▶ REQUIREMENT
Once the line containing "Sheath/Column Square Neckline" is found in the data below, repeat it and every later line exactly, leaving the pictures out.

* * * * * * * * *

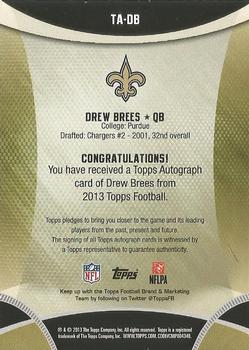 2013 Topps - Autographs #TA-DB Drew Brees Back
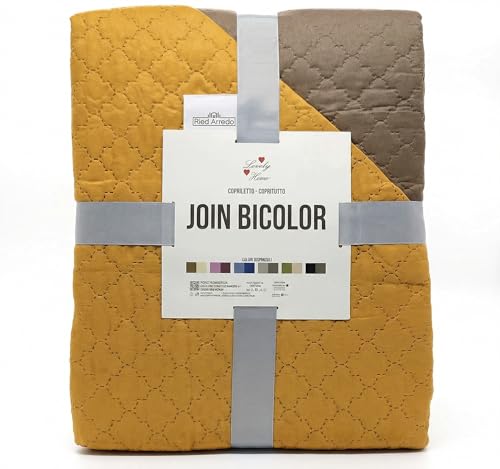 Riad Arredo Couette printanière bicolore d'été douce en microfibre – Couvre-lit matelassé léger double face, couleur unie (moutarde/taupe, 2 places – 250 x 250 cm)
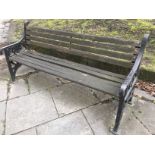 Seven outdoor metal and wooden benches, each approximately 186 cm.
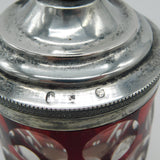 19th Century Danish Sterling Silver Topped Ruby Cut Glass Stein Antique c1850 Copenhagen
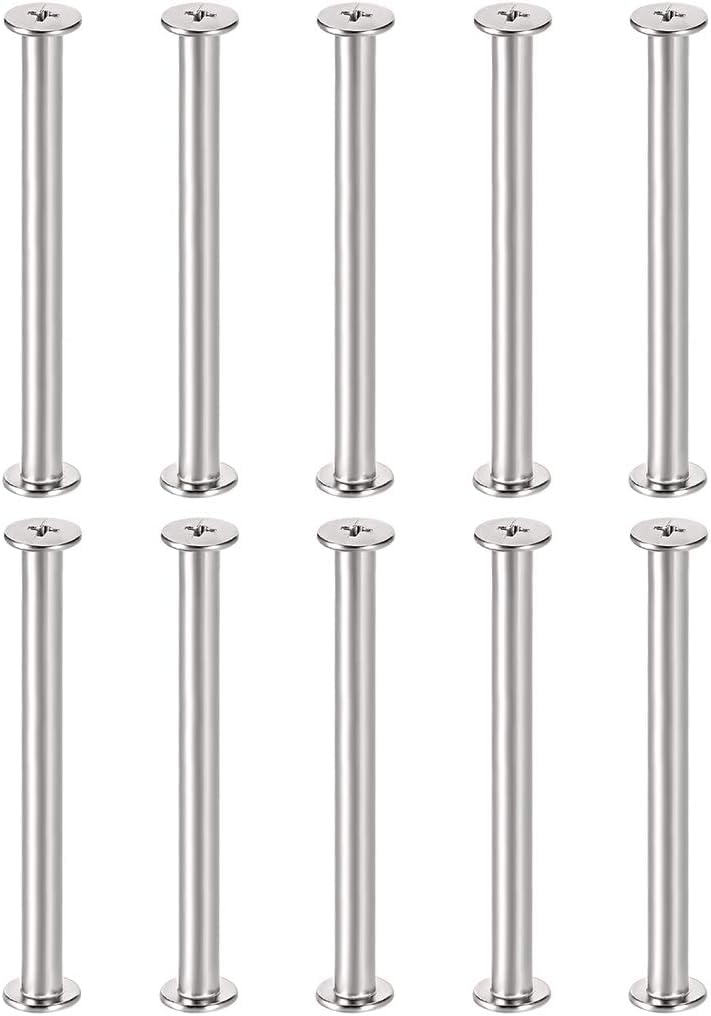 TA-VIGOR M5 Chicago Screws, M5 x 50mm Binding Screws Rivets Flat Cross Head | 10 Sets Chicago Book Binding Screws Rivets, Leather Button Rivets for Leather, Scrapbook Kits, Furniture Repairs, DIY Crafts
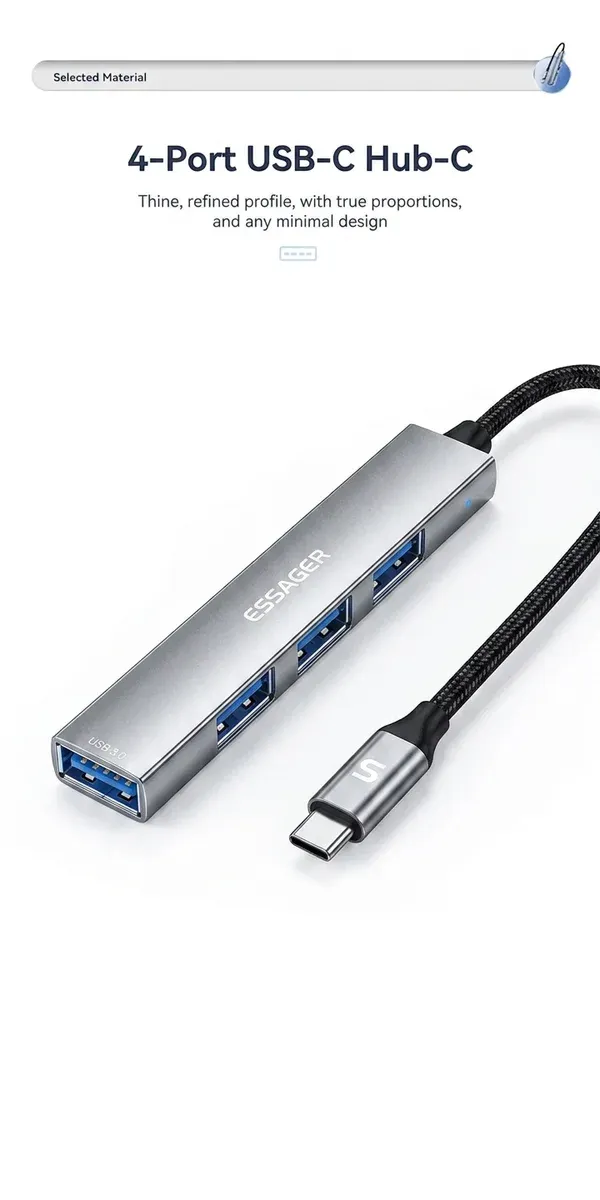 에세저 4포트 USB-C 허브 어댑터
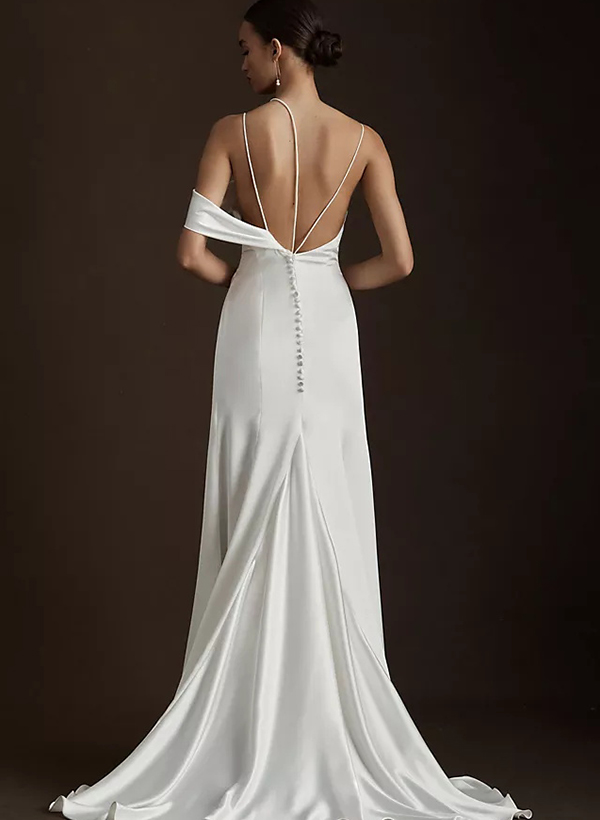Sheath/Column Square Neckline Elegant Satin Wedding Dresses With Split Front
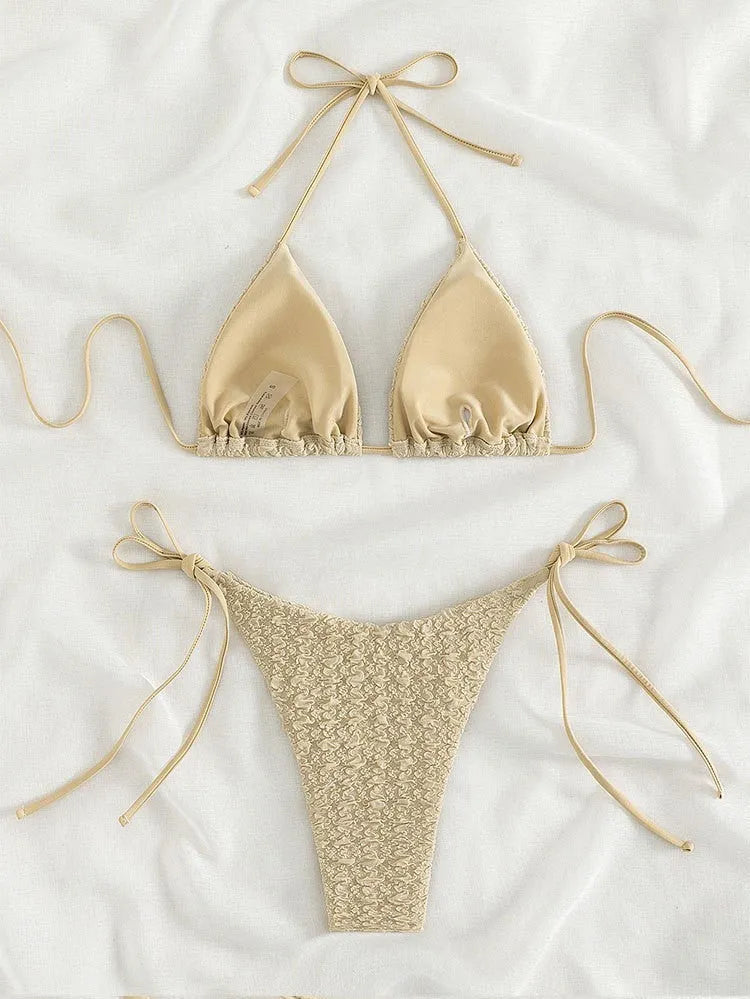 Women's high waist bikini with lace-up sides in khaki colour, showing top and shorts.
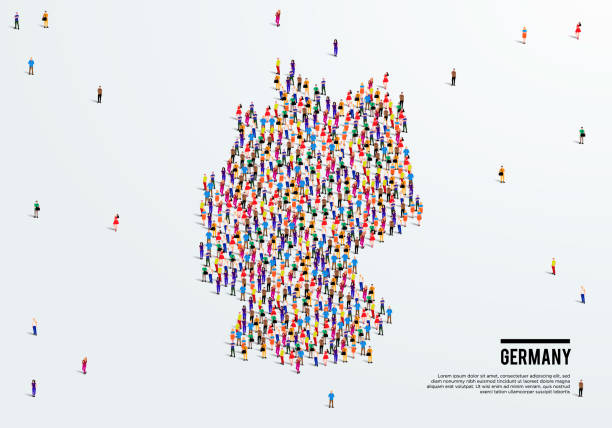Germany Map. Large group of people form to create a shape of Germany Map. vector illustration. Germany Map. Large group of people form to create a shape of Germany Map. vector illustration. german people stock illustrations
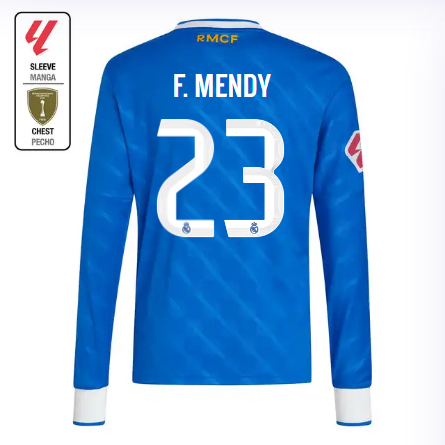 Real Madrid youth third long sleeve jersey 2526 blue – f. mendy – 23 – la liga  intercontinental Kits - Authentic Fan Merchandise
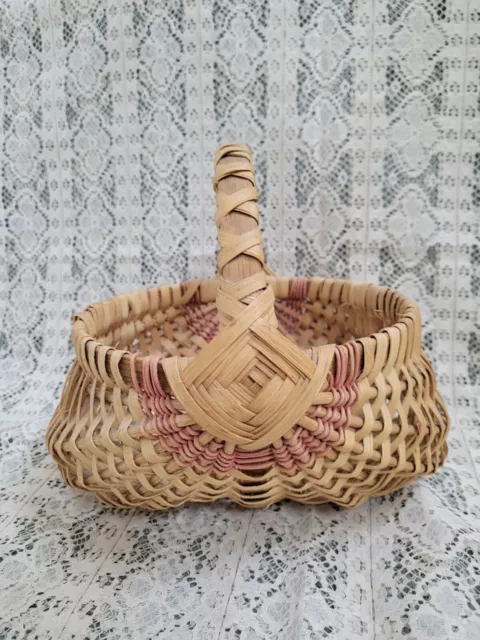 Buttocks Gathering Basket VINTAGE Farmhouse Primitive God’s Eye, two toned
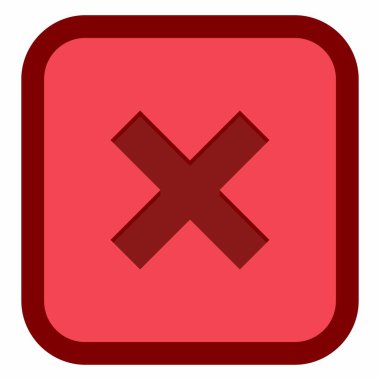 Yanlış notlar, yanlış işaretler, reddedilmiş, onaylanmamış, hayır, yanlış, tamam değil, yanlış seçimler, görev tamamlama, oylama. - vektör işareti sembolleri kırmızı. İzole edilmiş bir ikon. Düz biçim vektör illüstrasyonu.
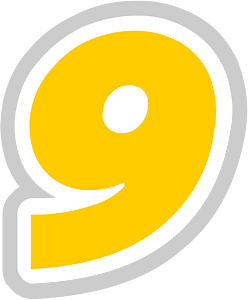 Yellow math digit 1-09 nine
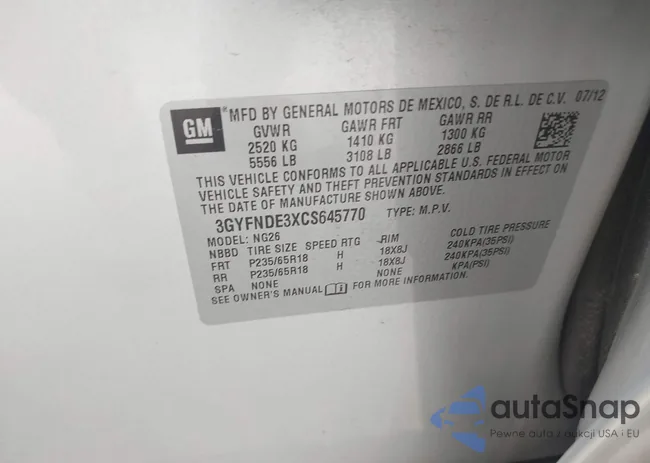 3GYFNDE3XCS645770: 43026554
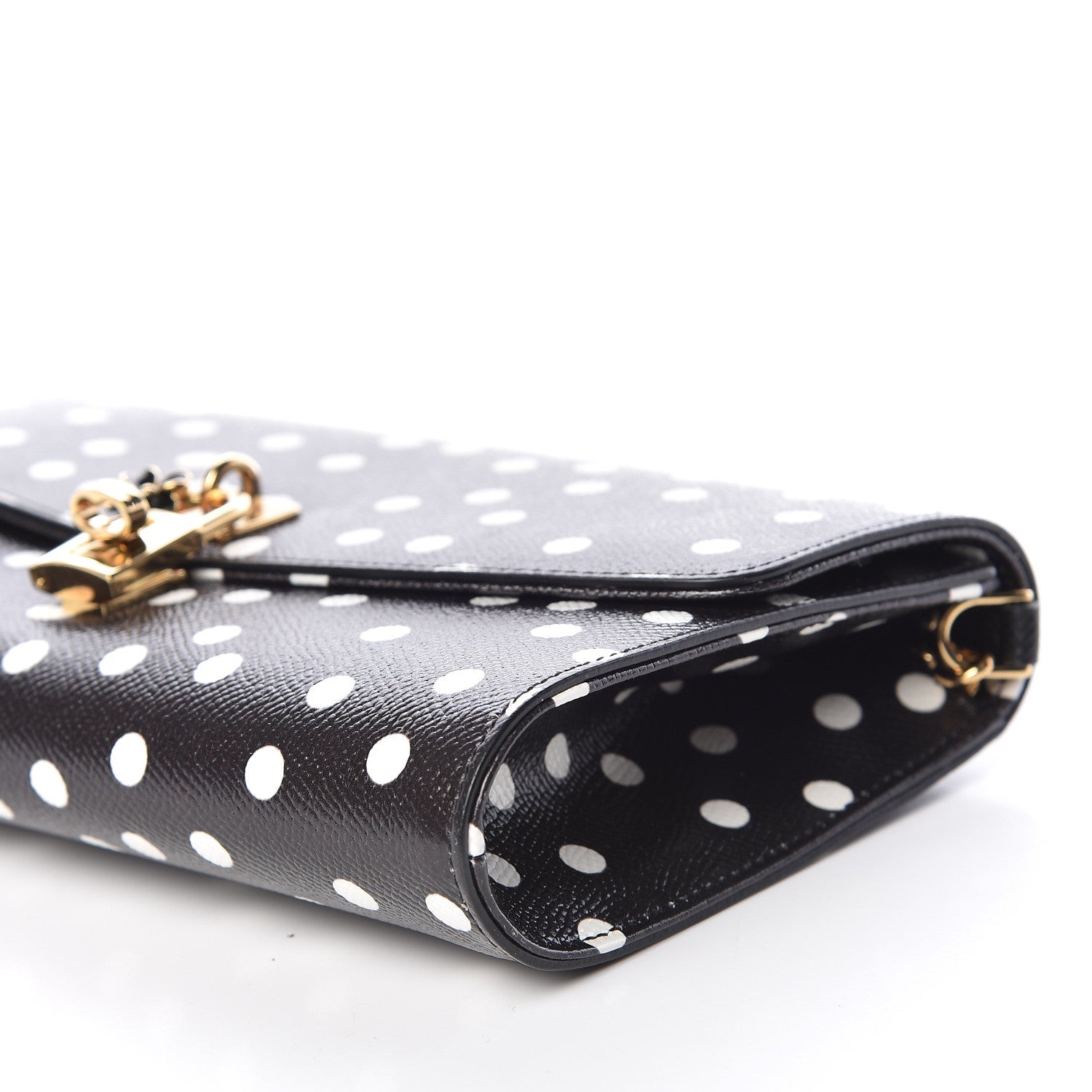Dolce & Gabbana Dauphine Polka Dot Print Shoulder Bag Black 7 of 9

* * * * * * * * *

▶ FINISHED TASK
Sheath/Column Square Neckline Elegant Satin Wedding Dresses With Split Front
 Women's high waist bikini with lace-up sides in khaki colour, showing top and shorts.
Germany Map. Large group of people form to create a shape of Germany Map. vector illustration. Germany Map. Large group of people form to create a shape of Germany Map. vector illustration. german people stock illustrations
 Real Madrid youth third long sleeve jersey 2526 blue – f. mendy – 23 – la liga  intercontinental Kits - Authentic Fan Merchandise
 Buttocks Gathering Basket VINTAGE Farmhouse Primitive God’s Eye, two toned
 Yanlış notlar, yanlış işaretler, reddedilmiş, onaylanmamış, hayır, yanlış, tamam değil, yanlış seçimler, görev tamamlama, oylama. - vektör işareti sembolleri kırmızı. İzole edilmiş bir ikon. Düz biçim vektör illüstrasyonu.
 Yellow math digit 1-09 nine
 3GYFNDE3XCS645770: 43026554
Dolce & Gabbana Dauphine Polka Dot Print Shoulder Bag Black 7 of 9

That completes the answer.